Never in my too-damned-close to fifty orbits have I ever lived anything that even closely approximated a rock and roll lifestyle. I’ve never smoked. I’ve never taken any drugs stronger than valium, which was prescribed, and all it did was give me a hopefully short-lived reputation for nodding off during staff development sessions. The amount of alcohol I’ve consumed in my life likely wouldn’t match the liquid volume of a case of beer. I’ve been single my whole life, and the number of women I’ve been involved in with serious, honest-to-God relationships could be counted on one hand. 

But that’s just the sex and the drugs. I have always lived and breathed the rock and roll. 

Not just rock, though. Rock, pop, alternative, metal, power metal, progressive metal, progressive rock, Christian rock, classical, classic rock, holiday music, show tunes, blues, modern blues, adult contemporary, modern bluegrass, electronic, folk, hip-hop, soul, rap, hardcore rap, soundtracks, scores, easy listening, jazz, punk, power punk, noise pop…the ABCs of music. 

And of course, ABC stands for Anything But Country. I’m not denying anyone’s right to listen to and/or enjoy country music, whether it’s the old school Grand Ol’ Opry stuff or the thinly-veiled sexual assault glorifying bro-country of the post-millennial age, but it’s just never been a path I’ve explored, or even found all that compelling. Even if I grew up in what was basically farm country, the only people at my school who even listened to country music were the kids who all worked at McDonald’s and seemed to buy matching t-shirts every time Alabama came back to play at the State Fair. So as much as I hate to fall into the category of cliché, anything but country is all too apt of a descriptor for my musical taste.

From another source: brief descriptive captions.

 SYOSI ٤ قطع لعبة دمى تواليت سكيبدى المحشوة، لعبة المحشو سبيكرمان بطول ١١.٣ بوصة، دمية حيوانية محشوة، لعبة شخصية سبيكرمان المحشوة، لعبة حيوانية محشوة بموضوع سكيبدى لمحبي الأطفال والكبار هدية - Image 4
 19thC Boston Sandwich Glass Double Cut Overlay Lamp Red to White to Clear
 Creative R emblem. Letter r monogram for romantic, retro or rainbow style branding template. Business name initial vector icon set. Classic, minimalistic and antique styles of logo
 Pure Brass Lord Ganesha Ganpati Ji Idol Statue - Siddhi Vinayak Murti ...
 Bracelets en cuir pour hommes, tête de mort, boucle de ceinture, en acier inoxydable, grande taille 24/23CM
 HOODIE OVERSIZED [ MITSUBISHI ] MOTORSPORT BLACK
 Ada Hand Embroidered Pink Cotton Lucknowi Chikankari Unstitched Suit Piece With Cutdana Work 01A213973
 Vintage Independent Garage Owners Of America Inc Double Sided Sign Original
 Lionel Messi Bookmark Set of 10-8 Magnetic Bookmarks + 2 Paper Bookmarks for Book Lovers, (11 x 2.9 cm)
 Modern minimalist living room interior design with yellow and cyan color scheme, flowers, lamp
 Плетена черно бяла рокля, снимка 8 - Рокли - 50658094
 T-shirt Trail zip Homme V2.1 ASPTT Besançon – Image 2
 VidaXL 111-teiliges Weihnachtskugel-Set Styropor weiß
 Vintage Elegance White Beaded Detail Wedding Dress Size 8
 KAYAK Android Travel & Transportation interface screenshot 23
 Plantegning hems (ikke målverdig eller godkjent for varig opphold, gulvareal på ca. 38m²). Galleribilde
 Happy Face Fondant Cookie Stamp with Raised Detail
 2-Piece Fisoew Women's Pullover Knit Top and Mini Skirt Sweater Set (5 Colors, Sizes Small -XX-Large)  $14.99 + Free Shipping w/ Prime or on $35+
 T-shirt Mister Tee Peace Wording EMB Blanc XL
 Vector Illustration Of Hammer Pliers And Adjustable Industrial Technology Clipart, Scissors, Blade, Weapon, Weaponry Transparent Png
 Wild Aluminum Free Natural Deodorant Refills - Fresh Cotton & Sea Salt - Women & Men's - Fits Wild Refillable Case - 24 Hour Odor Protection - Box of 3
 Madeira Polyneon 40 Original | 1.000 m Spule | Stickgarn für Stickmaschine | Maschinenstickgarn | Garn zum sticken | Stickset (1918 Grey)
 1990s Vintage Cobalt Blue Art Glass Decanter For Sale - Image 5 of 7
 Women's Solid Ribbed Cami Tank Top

I collected records like trading cards, then graduated to cassettes, then stepped into the real future with compact discs, which ended up with digital files both downloaded and streamed. It’s kind of astonishing to stop and think of how so much of the favorite music I’ve had in the past fifteen or so years wouldn’t exist as it does now if not for math.

I didn’t have the long hair, or even the cool hair for that matter, but I wore my way through a constantly-evolving collection of concert t-shirts. I easily spent more time in ninth grade reading album liner notes than I did assigned novels. I was never shy about rolling down the windows while driving through the high school parking lot to let the outside world know what album I had jammed into the cassette player of my parents’ snot-green Mitsubishi subcompact. I spent dozens of hours at the St. Cloud record stores mining the discount bins for the next great surprise album that would help me define my college years. After getting my first desktop computer, I tried to teach myself the how to use the database tool in ClarisWorks by creating a comprehensive listing of the albums in my music library, including with notes and ratings.

So I never needed the long hair to prove to anyone I had the musical bona fides. They were in my blood, and they’d been there for generations, lying dormant and waiting for the right push to be sonically activated. 

Which didn’t happen until I reached the ripe old age of seven.